NEW YORK ( MainStreet) — Today President Barack Obama signed the farm bill into law. This is a massive piece of "omnibus legislation" that Congress renews roughly every five years, and it touches on almost everything having to do with agriculture or food production. The bill even includes the food stamps program as part of its jurisdiction over all things nutrition.

Although the bill made headlines for its changes to agricultural subsidies and food stamps, you don't have to receive either to feel the effects of the farm bill. In fact this law impacts every American every day, and well, it should -- with a price tag of just under $1 trillion.

For everyone who loves partisan football, the farm bill has already made for some interesting coverage . For the rest of us, here are a few ways today's signing will actually effect each meal of the day.

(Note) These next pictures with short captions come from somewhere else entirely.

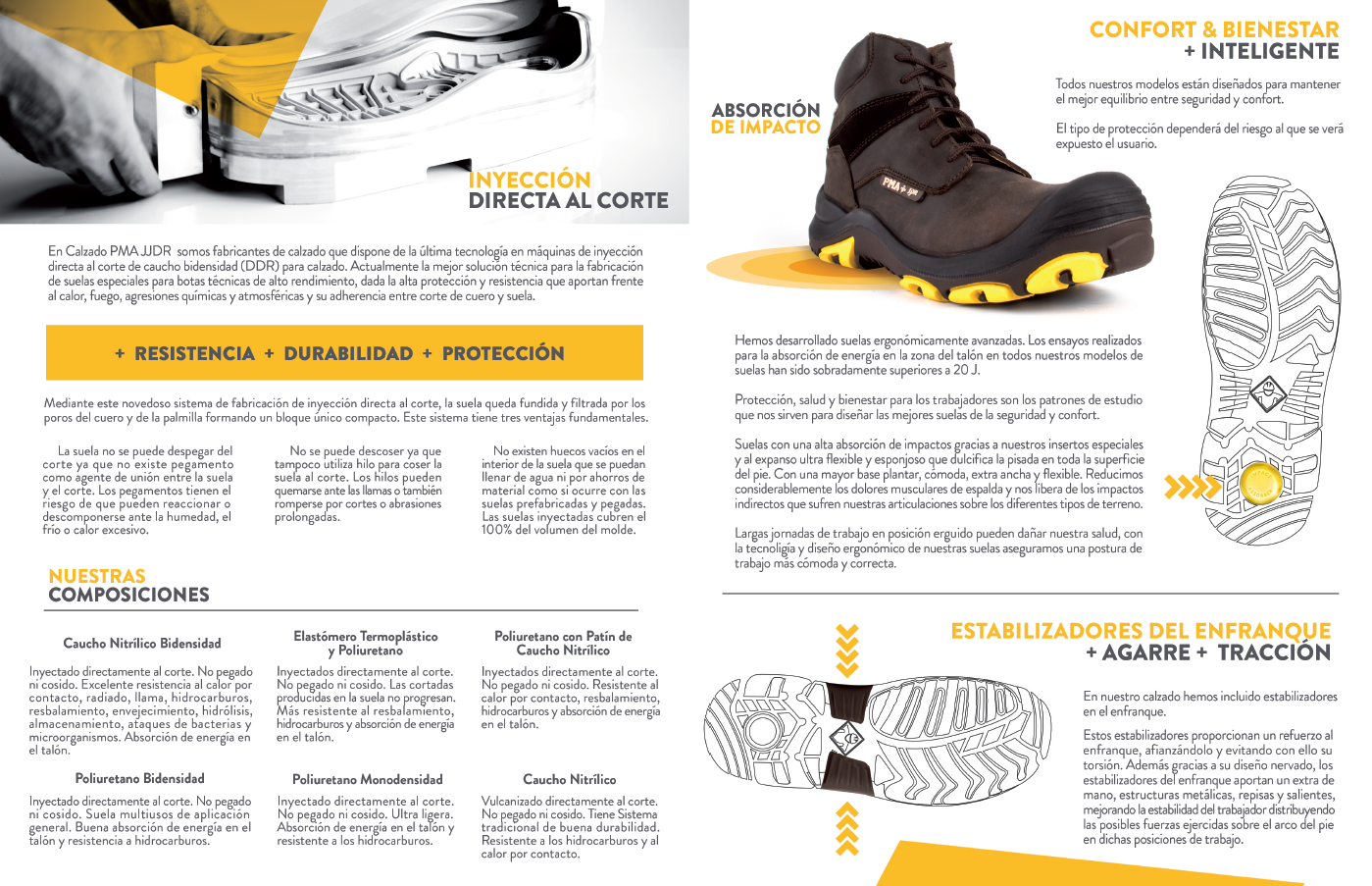Poliuretano Proveedores De Plantillas Para Calzado Poliuretano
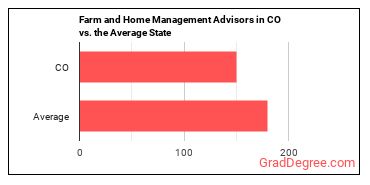 Farm and Home Management Educators in Colorado vs. the average state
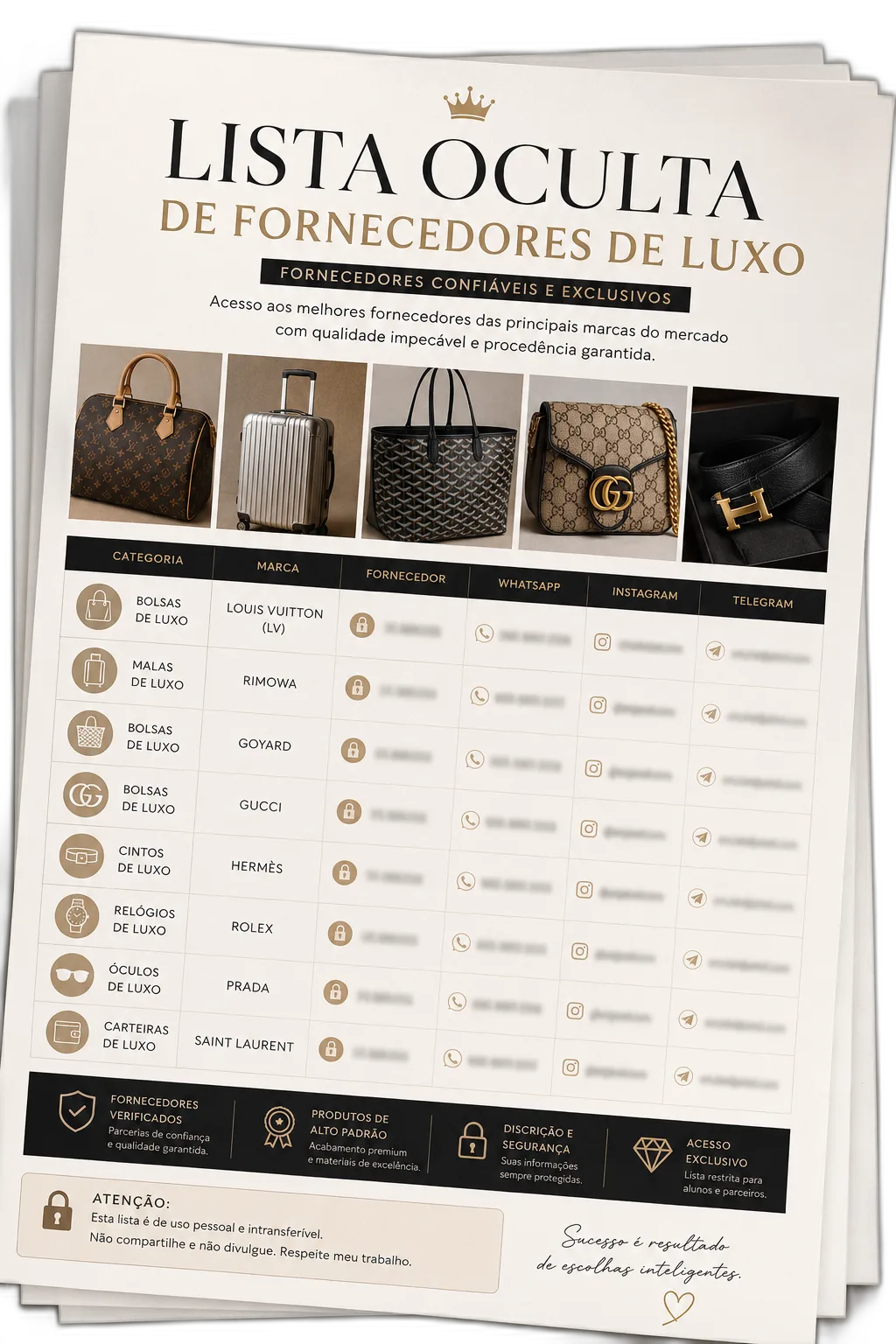 Lista de Fabricantes Chineses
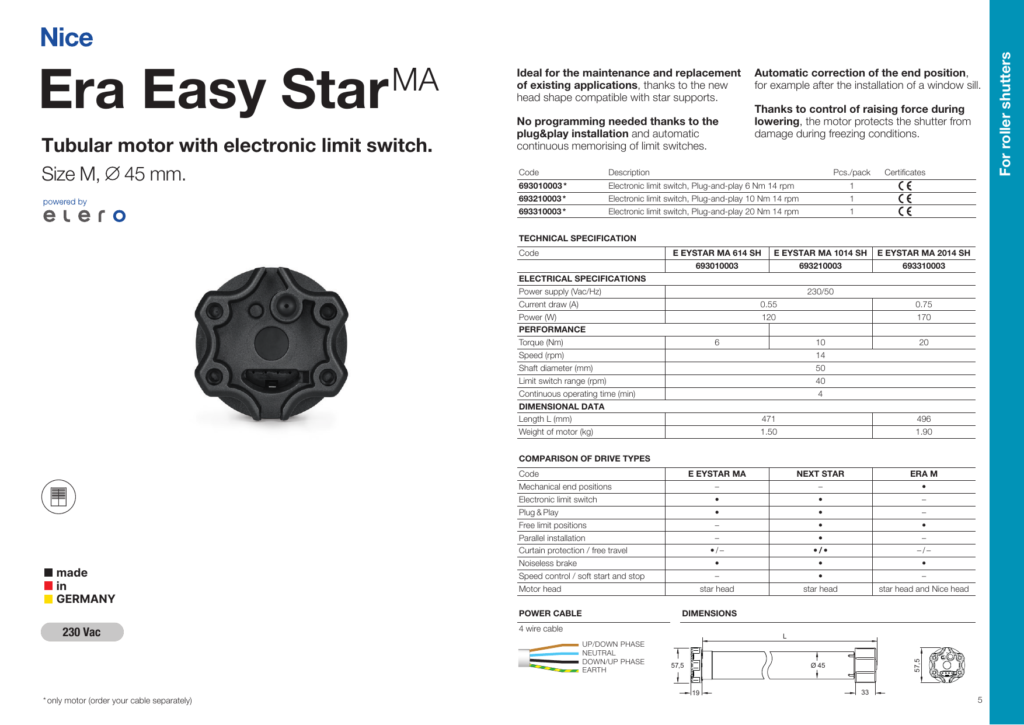 Elero Era Easy Star MA 614 SH cevni motor 6 Nm — zvanična tehnička tabela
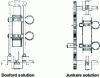 Figure 13 - Valveless valve train: exhaust and light scavenging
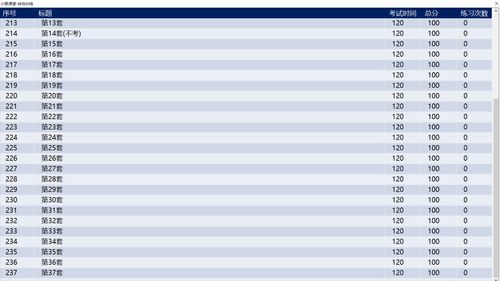 官方免費(fèi)發(fā)布 2021年3月版計(jì)算機(jī)二級(jí)模擬考試真題題庫(kù)助力軟件研發(fā)人才成長(zhǎng)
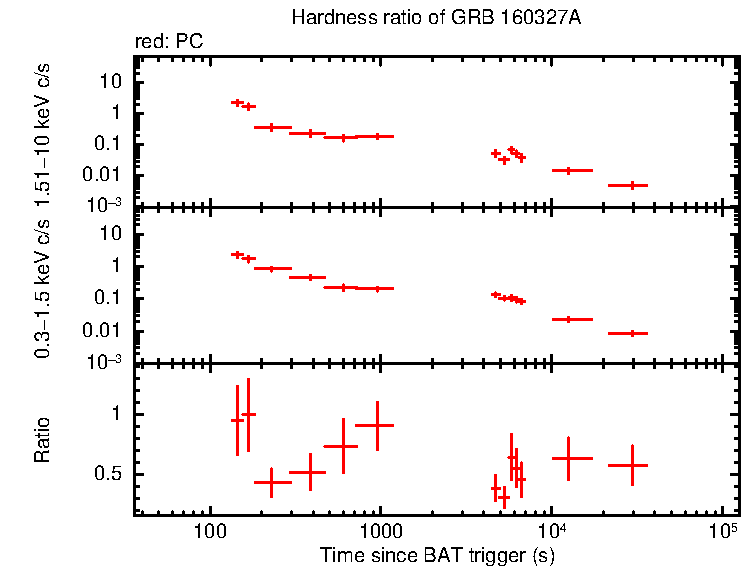 Hardness ratio of GRB 160327A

Breakfast: Milk, Butter, Pastries, Cereal

As it turns out, the federal government plays a surprisingly large role in the price of milk. Under a program called the Milk Income Loss Contract (MILC) Program , the government secures dairy farmers against fluctuations in the market. It compensates farmers whenever the price of milk drops too low or the price of feed gets too expensive, helping to keep them from going out of business or raising dairy prices sky high.

This program keeps the price of milk artificially low by allowing farmers to charge less for their product than it actually costs to make. Currently, dairy farmers generally pay more to feed their cows than you do for a gallon of milk at the supermarket. The MILC Program allows that by making up the difference between those prices.

The MILC Program is necessary, because it suspends a permanent law from 1949 requiring the government to purchase available dairy at double an established market rate. The effect, as intended, would set a baseline price for milk across the country. No grocery store could offer less, since then farmers would just turn around and sell their product to the government.

Without the farm bill these forces could push milk up to $7 a gallon or more, taking with it the prices of butter, cheese, baked goods and your morning bowl of cereal.

Lunch: Hamburgers, Hot Dogs, Ham Sandwiches

One of the ways that the farm bill controls food prices in the United States is through risk management (about which more below), and that includes the price of meat. Through the Livestock Indemnity Program the farm bill compensates farmers and ranchers when natural disasters wipe out large numbers of their animals, such as when a blizzard in South Dakota killed tens of thousands of cattle last year.

Although the farm bill doesn't offset market conditions when a shortage of beef drives up prices, it does make sure that the farmers don't have to cover their losses. Without this insurance a farmer who loses half his herd would have to charge double for each cow. It also keeps them from having to pay for potentially expensive insurance plans and pass the cost on to consumers. Between covering losses and keeping the costs of business down, this program helps make sure your afternoon hamburger is a little less expensive.